Ein langjähriger Rechtsstreit um Fensterrechte zwischen Nachbarn in Bayern hat eine neue Wende genommen. Im Mittelpunkt des Konflikts stehen fünf Fenster, die entlang einer gemeinsamen Grundstücksgrenze eingebaut wurden und den heutigen Abstandsregeln nicht entsprechen. Nach widersprüchlichen Urteilen hat nun das Oberlandesgericht eine Entscheidung getroffen – und dem natürlichen Lichteinfall Vorrang vor den Forderungen des Klägers nach undurchsichtigen, festen Fensterläden eingeräumt.

Der Streit begann, als die Beklagten im Jahr 2020 ihre Fenster erneuerten und dabei die Öffnungen an der Südwestfassade ihres Hauses vergrößerten. Der Nachbar, der Kläger, reagierte mit einer Klage und argumentierte, dass der geringe Abstand zwischen den beiden Häusern – nur 13,55 Meter – eine dauerhafte Verdunkelung der Fenster erfordere. Er bestand darauf, dass keine baulichen Änderungen nötig seien, sondern dass die Beklagten die Fenster lediglich ständig geschlossen halten müssten.

Das Amtsgericht gab dem Kläger zunächst recht und ordnete Änderungen an den Fenstern an. Doch das Oberlandesgericht hob diese Entscheidung später auf und betonte die Bedeutung von Tageslicht in Wohnräumen. Die Richter urteilten, dass die betroffenen Fenster – vier im Erdgeschoss und eines im Obergeschoss – bei der Abwägung der Interessen beider Parteien ein erhebliches Gewicht hätten.
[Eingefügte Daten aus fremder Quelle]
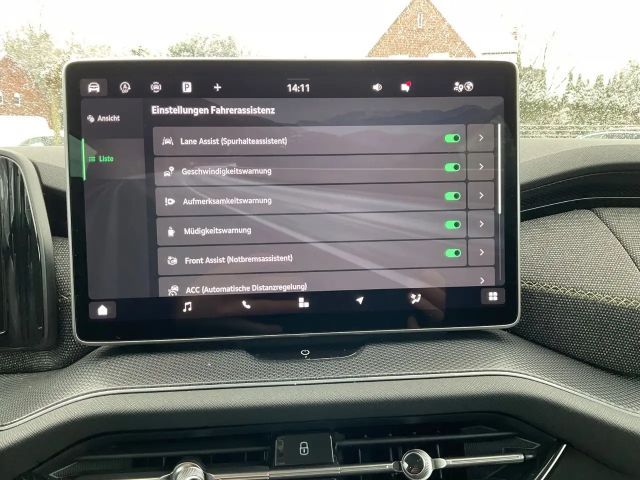 Skoda Kodiaq 2.0 TDI 4x4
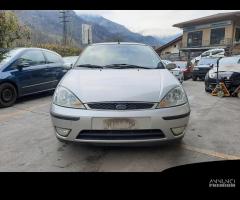 Ricambi Ford Focus anno 2002 5 porte e 3 porte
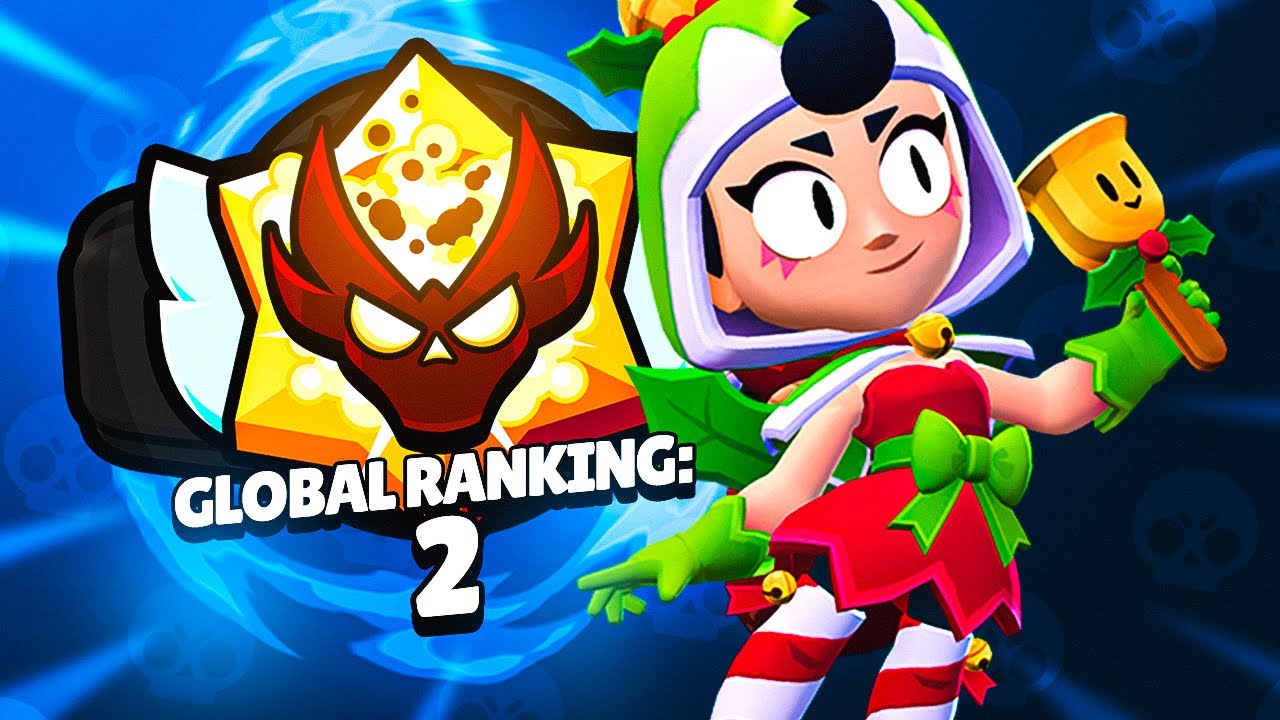 JANET IS CRAZY STRONG IN RANKED! | #2 Global 11,500+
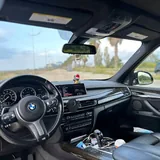 BMW X5 2015 1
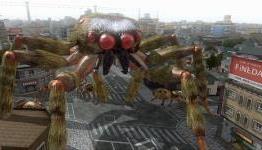 Earth Defence Force 2025 Review | D+PAD Magazine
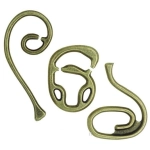 Hanayama, Huzzle Cast Enigma, puzzle, 6/6 szint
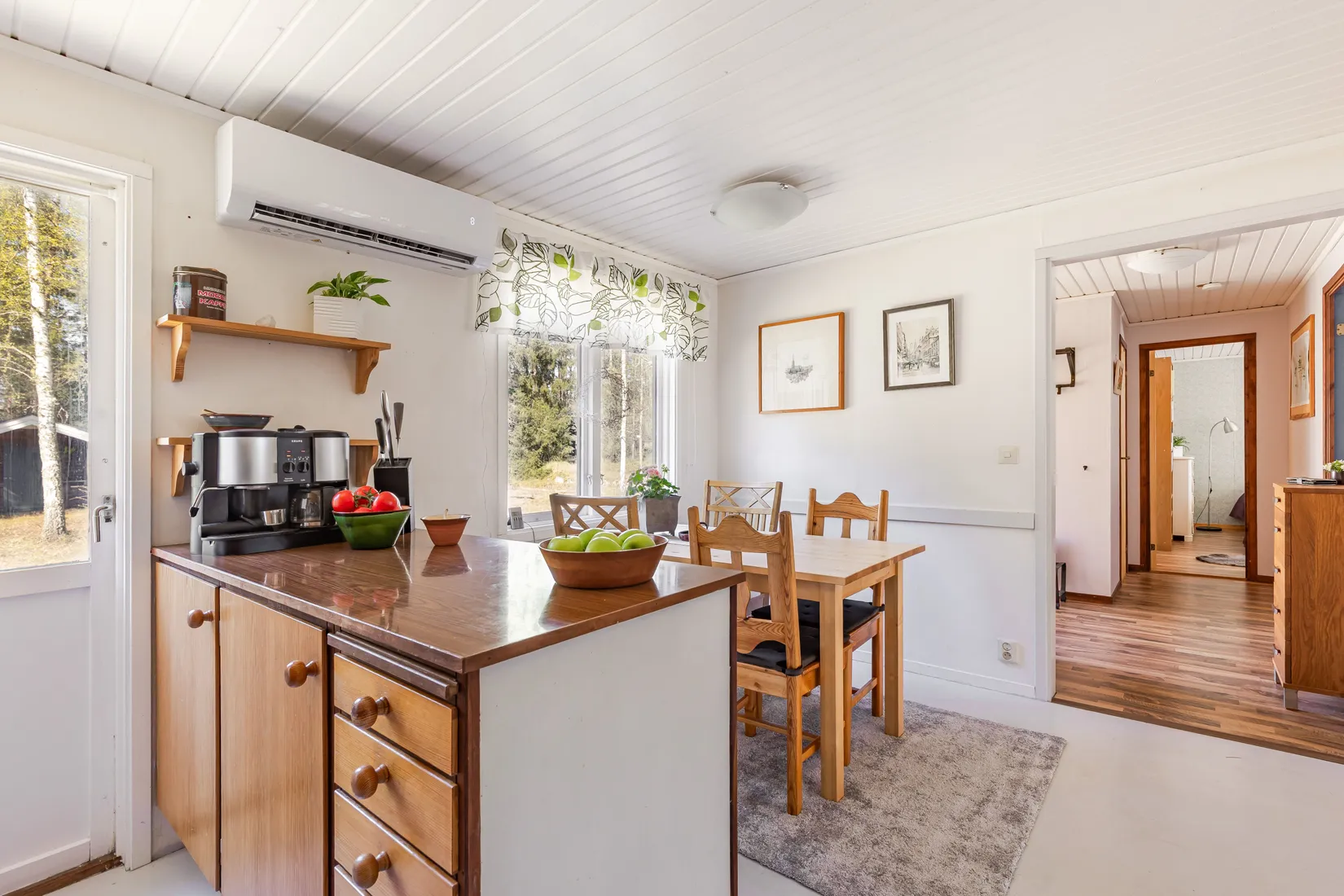 Fritidshus, Sjöbacka 1, Strängnäs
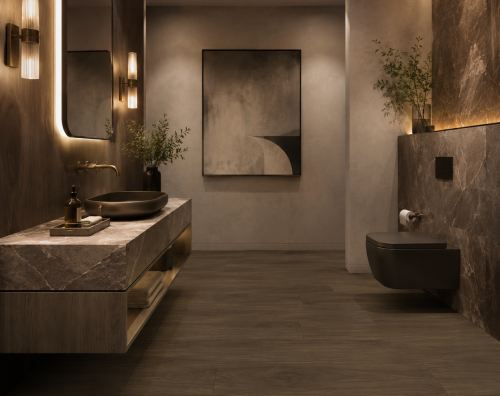 TERRA NATURAL BAÑO SOCIAL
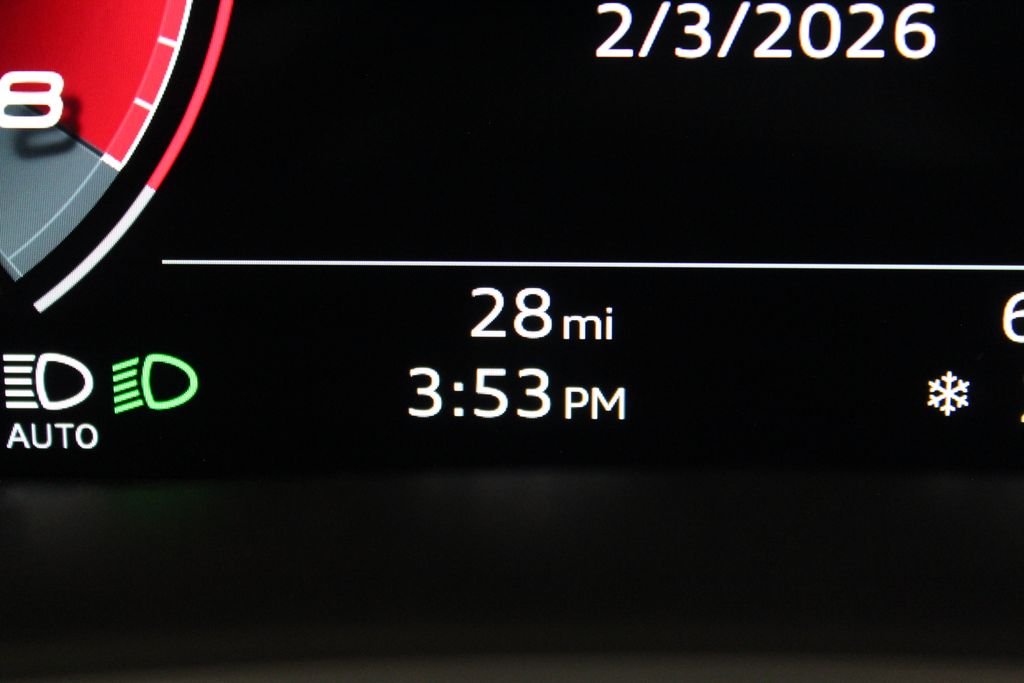 Thumbnail: 2026 Audi SQ7 - 2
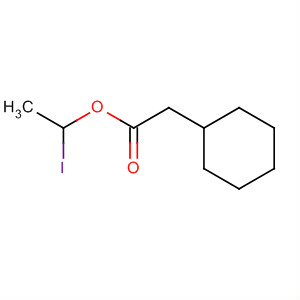 CAS No 91871-83-9  Molecular Structure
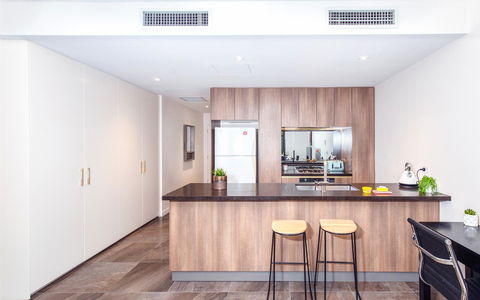 DD Apartments On Day - Phillip Island Accommodation 10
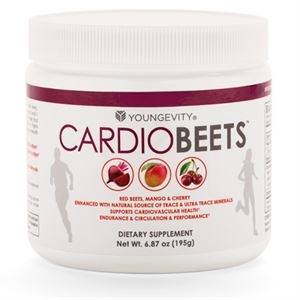 Youngevity CardioBeets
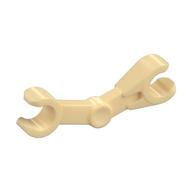 Arm Mechanical with 2 Clips [Battle Droid] (Tan)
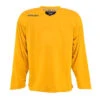 Bauer Core Senior Practice Jersey - Gold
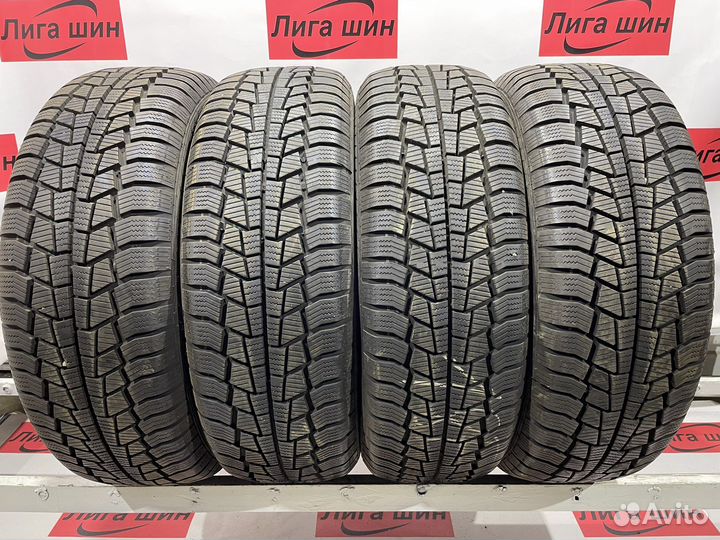 Gislaved Euro Frost 6 205/60 R16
Die Beklagten hatten stets darauf bestanden, dass die Fenster bereits vor Inkrafttreten des Bayerischen Nachbarrechts genehmigt worden seien. Zudem argumentierten sie, dass ihnen die Passivlegitimation in diesem Fall fehle, da der Vorgänger des Klägers den ursprünglichen Grenzabstand bereits im Rahmen des Baugenehmigungsverfahrens akzeptiert habe. Aktuelle Urteile bayerischer Gerichte, darunter des OLG München und des BayObLG, haben wiederholt die Fensterrechte nach dem Bayerischen Nachbarrechtsgesetz gestärkt – und dabei die bestehende Nutzung gegenüber neuen Einsprüchen benachbarter Grundstückseigentümer bevorzugt.

Mit der Entscheidung des Oberlandesgerichts dürfen die Beklagten ihre Fenster nun in der bisherigen Form belassen. Das Urteil folgt einer Linie der bayerischen Rechtsprechung, die bestehende Fensterrechte selbst dann schützt, wenn Gebäude heutige Abstandsvorschriften nicht erfüllen. Die Forderung des Klägers nach dauerhaft geschlossenen, undurchsichtigen Fenstern wurde damit vorerst abgewiesen.